Iridium announced today the commercial service activation of a new southern hemisphere ground station, located in Punta Arenas, Chile. The addition of the Punta Arenas teleport network site adds geographic diversity to Iridium’s ground stations as its only southern hemisphere site, establishing a new layer of network redundancy for the constellation. This new site strengthens an already exceptional space and ground network by enhancing Iridium’s ability to manage network traffic, capacity and availability rates. The Punta Arenas site was built in partnership with Kongsberg Satellite Services (KSAT) of Norway, a long-time Iridium partner in supporting celestial-to-terrestrial connectivity.

Due to Iridium’s status as the only low earth orbiting commercial satellite network to utilize intersatellite cross links, network traffic can be transferred in real-time along the most efficient route, now including this new southern site. These cross links automatically direct traffic from satellite to satellite and then down to a ground gateway.  This feature helps make Iridium the world’s first and only truly global network, enabling communication from remote waterways and mountainous regions to the north and south poles.

While the Iridium network can support all traffic through a single gateway, the company has always operated multiple ground stations, previously all situated in the northern hemisphere.  With the new Chilean gateway, Iridium now has both increased visibility to its satellites as they travel along the southern hemispheric portion of their orbits, and geographic diversity to further enhance overall network resilience.

“We’d like to thank our partners at KSAT and the Chilean government for helping us add this important southern hemisphere ground station to the Iridium network,” said Walt Everetts, vice president, satellite operations and ground development, Iridium. “This move essentially creates a southern doorway for us to both access our satellites for any telemetry, tracking and control (TTAC)-related needs and to deliver data or carry phone calls, to and from terrestrial networks, through our primary commercial gateway.”

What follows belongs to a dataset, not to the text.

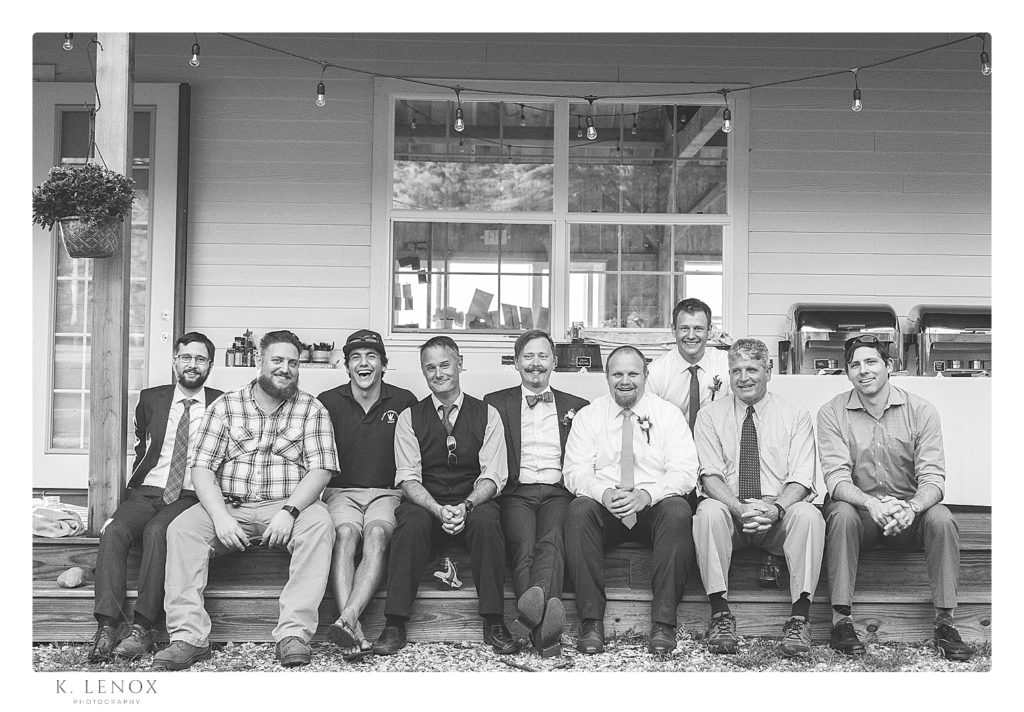Group photo of William Lawrence Camp alumni on the porch of the centennial lodge.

The Punta Arenas site now joins existing operational Iridium commercial ground stations in Fairbanks, Alaska; Svalbard, Norway and Tempe, Arizona.  Due to the Iridium constellation’s crosslinked satellite architecture featuring six orbital planes with 11 operational satellites per plane, the network provides a web of coverage around the entire planet, with minimal need for local infrastructure or ground stations.  Iridium recently completed its $3 billion satellite upgrade campaign known as Iridium NEXT and launched the world’s first truly global broadband service, which is designed for specialized applications, Iridium Certus.